When a Cub Scout joins a Den, the expectation in the past has always been
working alongside his friends and doing community things with those friends.
When the word "camping" comes up, the Den Mother and later Den Leader simply
replies "That's something that you have to look forward to doing when you
are a WEBELOS Cub Scout in a couple of years". The Cub is satistified and
those few Cub Scouts not, are encouraged to camp with Mom and Dad and the
rest of his family.
As a WEBELOS Cub Scout, the new group is under the leadership of a man (and
now men and women) that are trained in outdoor skills (or should be). This
is how the BSA envisioned it, I feel....that those closest to Boy Scouting
should know some outdoor skills and can share those skills with the WEBELOS,
which we hope "will be loyal Scouts".
The new format of the WEBELOS program prepares those participants for the
independence and patrol management skills of Boy Scouting. When "camping"
comes up, it's "Okay...we''ll go camping a couple of times so that you have
some idea of what SCOUTING camping is all about (as opposed to family
camping or "friends camping") and some rules that we in Scouting go by."
Those WEBELOS Cub Scouts that are exposed to limited camping do well as
Scouts later onward. I don't have any stats to back it up....just
observation. Those that have been to the Council's camping facility time
and again, don't do well as Scouts (because they're burnt out of camping at
"summer camp") than those that have had a limited period of time there.
This also goes back to what BigEd stated earlier about other Councils doing
a better job in filling up their campsites than those "caddy camps" that
some Councils have built to attract and bring back their Scouts!
Day Camp is FINE for Cub Scouts. Overnight camp isn't, in my opinion.
And Professor Beaver (Mike Bowman) added:
>I tend to agree with Patrick. You must have had some bad experiences
>with Cub resident camps stealing the show from an early stage to worry
>that they detract from boys latter attending Scout resident camps.
No; I have always been part of local Councils (with the exception of the
present one, Buffalo Trace) who do Cub Day Camp separate for Wolves and
Bears in the local communities; WEBELOS (or "Akela") Camp for the WEBELOS
Cub Scouts, which are resident in nature; and regular Boy Scout summer camp
for Boy Scouts.
My contention is that Cub Scouts should not be exposed to resident camp
until they become WEBELOS Cub Scouts, so that they will have something to
look forward to and WANT to become Boy Scouts. Right now, we have so many
WEBELOS Cub Scouts that upon graduation to a Boy Scout Troop, looks around
and says after a short time "Is this ALL?

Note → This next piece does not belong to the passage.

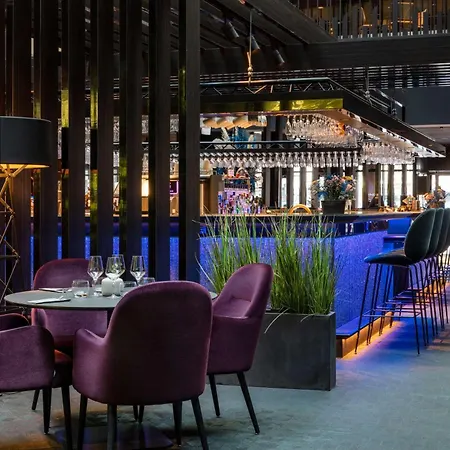 Radisson Blu Scandinavia Hotel, Hotel 4*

I've been short-term camping with the WEBELOS. I've been to a camporee with
the WEBELOS. I've been to their (lame) summer camp already. What else IS
The next thing we know, he's out the door before he's First Class. A lot of
them don't wait THAT long, and find other interests.
So, unless the PROGRAM of that Troop addresses those "new Scouts" that come
in from WEBELOS with strong outdoor programs, many of those former WEBELOS
Cub Scouts will wonder "Why did I graduate? Why didn't I just stay in the
Den until I turned 11??"
>Instead of generalizing I would go only so far as to say that a Council
>must be careful to make sure that both of its Cub and Boy Scout resident
>camps offer the best possible program and in a progression that
>encourages returns to get more of the adventure and challenges.

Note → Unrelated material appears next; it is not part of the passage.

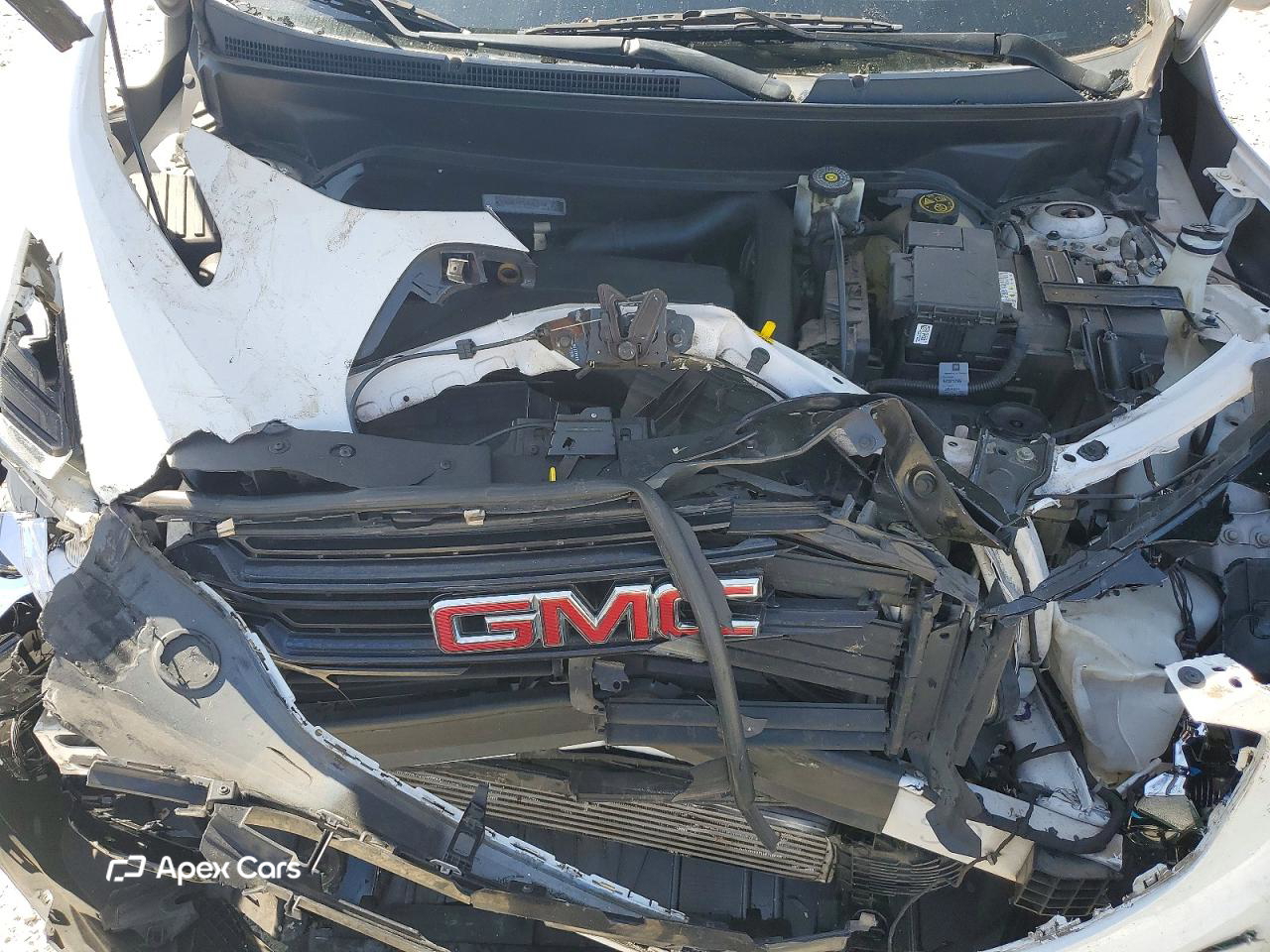 GMC Terrain 2018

I agree with you, Mike. I think that local Councils need to address the
program concerns of ALL segments (how many local Councils address Exploring
outdoor activities??) of their operation. Most Councils have a staff
member, usually a senior Field, District or Exploring Director that serves
as the camping programs director as an multiple job. That person should be
taking a look at the total outdoor picture and not just the "needs of the
Boy Scouting" element of the local Council.
>Not every Council will have this luxury and some tailoring can always be
>done to give variety in stages. I've been around other Councils that do
>a good job in this area over the years as well. I guess I'd suggest
>being careful not to over generalize.
In answering BigEd's posting, Mike, I had to generalize somewhat because I'm
not totally aware of all of the programs within the Atlanta Area Council
as Jeff Glaze would be, being there or like Ed has observing it from the
outside. I did agree with a lot of what Ed stated. My purpose in my
response was to explain in some detail why local Councils "circulate" their
entry-level pros through the camping operation and why that's important to
their professional development and to the overall good of the Council's
programming. Also, I wanted to let others know that there are some
professionals out there that have taken summer camp assignment and have done
some SUPER things with it, which in some cases have forced the local
Council's leadership to reconsider closing or scaling back camping operations.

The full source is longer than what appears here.